Além disso, os atores de ameaças fizeram uma mudança perceptível em relação a linguagens de programação mais antigas, como C e C++, em favor de linguagens mais novas, como Python e Go. Não só essas línguas mais novas são mais fáceis de aprender e programar versus seus antecessores, mas também têm sido menos utilizadas e, portanto, menos propensas a serem detectadas por ferramentas de segurança cibernética ou analisadas por pesquisadores de segurança.

“Eventos recentes, como os ataques ao servidor Log4j e Microsoft Exchange, colocaram uma prioridade maior na segurança, mas essas ameaças há muito merecem a atenção que estão recebendo agora em um nível global”, disse Guy Caspi, CEO da Deep Instinct. “Os resultados desta pesquisa lançam luz sobre os amplos desafios de segurança que as organizações enfrentam diariamente.”

Outros volumes e tipos de ataque

  • Ataques na cadeia de suprimentos: Grandes empresas de oferta de serviços tornaram-se alvos de ataques significativos da cadeia de suprimentos no ano passado, com atores de ameaças que procuram não apenas obter acesso a seus ambientes, mas também direcionar os ambientes de seus clientes por proxy. O ataque mais notável da cadeia de suprimentos, Kaseya, comprometeu mais de 1.500 empresas através de uma vulnerabilidade não reparada de zero-day.
  • A mudança para ataques de alto impacto e alto perfil versus ataques furtivos e longos tempos de moradia: em 2021, houve uma transição para ataques de alto perfil com um impacto maciço. O incidente mais significativo em 2021 foi a violação do Oleoduto Colonial, que interrompeu as operações por seis dias, causando grandes interrupções em todo os EUA e demonstrou o impacto significativo e em cascata de um ataque de malware bem executado.
  • As colaborações do setor público e privado tornam-se mais comuns: Como previsto, houve uma maior parceria entre as forças-tarefa internacionais no ano passado para identificar e trazer à justiça os principais atores de ameaças em todo o mundo. No início de 2021, uma força-tarefa internacional coordenada pela Europol e pela Eurojust apreendeu a infraestrutura da Emotet e prendeu alguns de seus operadores. Outros atores de ameaças de alto perfil, como o Glupteba, tornaram-se alvo de empresas privadas que uniram forças para interromper sua atividade o máximo possível.
  • O impacto imediato do dia zero: Em 2021, houve grandes vulnerabilidades sendo exploradas e utilizadas dentro de um único dia de divulgação da vulnerabilidade.

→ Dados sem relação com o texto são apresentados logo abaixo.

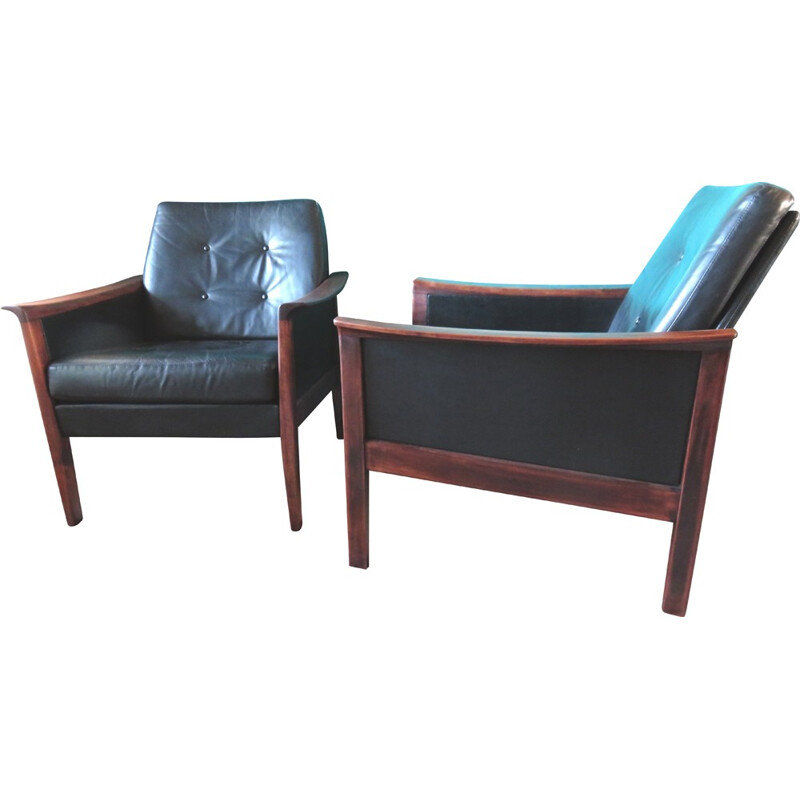 Pair of Danish armchairs in black leather and beech - 1960s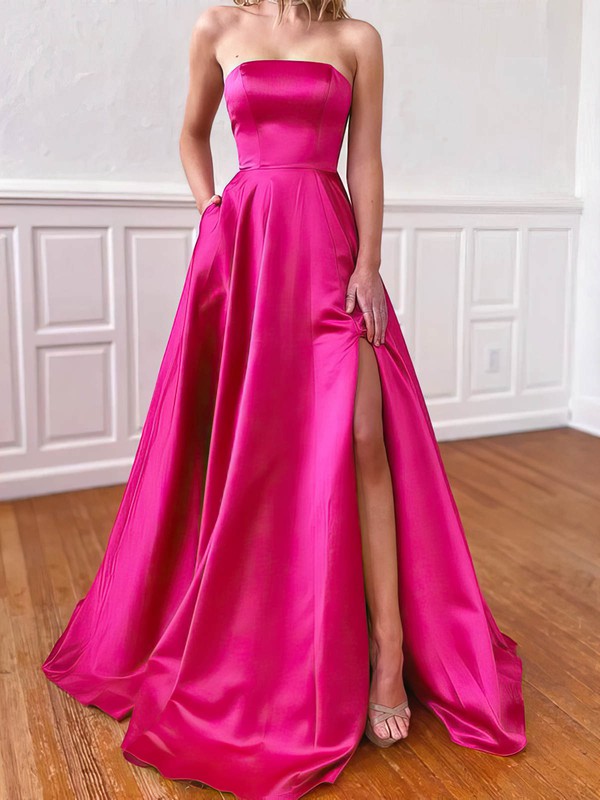 A-line Strapless Sweep Train Satin Pockets Prom Dresses #PDS020107541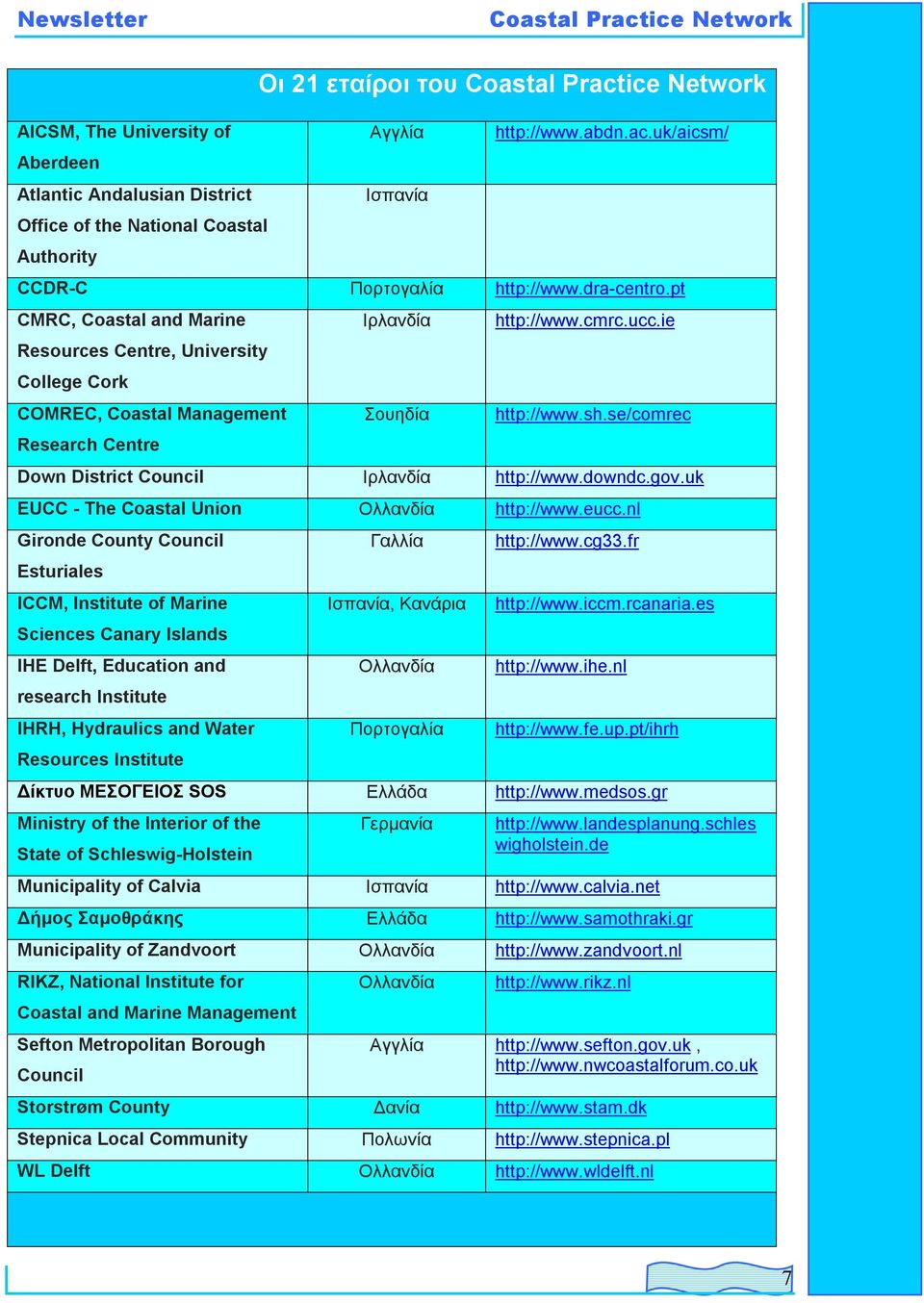 se/comrec Down District Council Ιρλανδία http://www.downdc.gov.uk EUCC - The Coastal Union Ολλανδία http://www.eucc.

Um dos exemplos foi o HaFNIUM Group, que surgiu logo após a Microsoft revelar múltiplas vulnerabilidades de zero-day.
  • Nuvem como um gateway para atacantes: A transição para o trabalho remoto levou muitas organizações a habilitar a maioria de seus serviços na nuvem e não em locais. Para aqueles que não são experientes trabalhando com serviços de nuvem, há o risco de que erros de configuração ou componentes vulneráveis e desatualizados com acesso externo de API possam ser explorados.

Embora o aumento da ameaça de maior perfil, o ransomware, não tenha continuado a aumentar nas taxas exponenciais inicialmente vistas durante o surto de COVID-19 na primavera de 2020, um crescimento de 15,8% dessas ameaças ainda foi registrado em 2021. O ano passado provou tanto para cisos quanto para os ciberatacantes que os modelos de trabalho de qualquer lugar e híbridos provavelmente se tornariam uma instalação permanente. Os CISOs precisarão revisar cuidadosamente, monitorar e atualizar cuidadosamente considerações de segurança para garantir cobertura e proteção completas.

Um ataque de ransomware pode afetar qualquer organização, independentemente do tamanho, indústria ou localização. À medida que cada vez mais fornecedores de segurança usam aprendizado de máquina (ML) e inteligência artificial (IA) em seus produtos e tomam ações para melhorar seus mecanismos de defesa existentes, os maus atores também continuarão a aprimorar e melhorar os esforços para evitar e enganar as defesas tradicionais e baseadas em IA.

A evasão de defesa e a escalada de privilégios estão se tornando mais prevalentes e esperamos ver uma continuação das técnicas de evasão de EPP/EDR em 2022. Os maus atores estão claramente investindo em técnicas de ataque anti-IA e contraditório e integrando esses métodos em sua estratégia de evasão maior.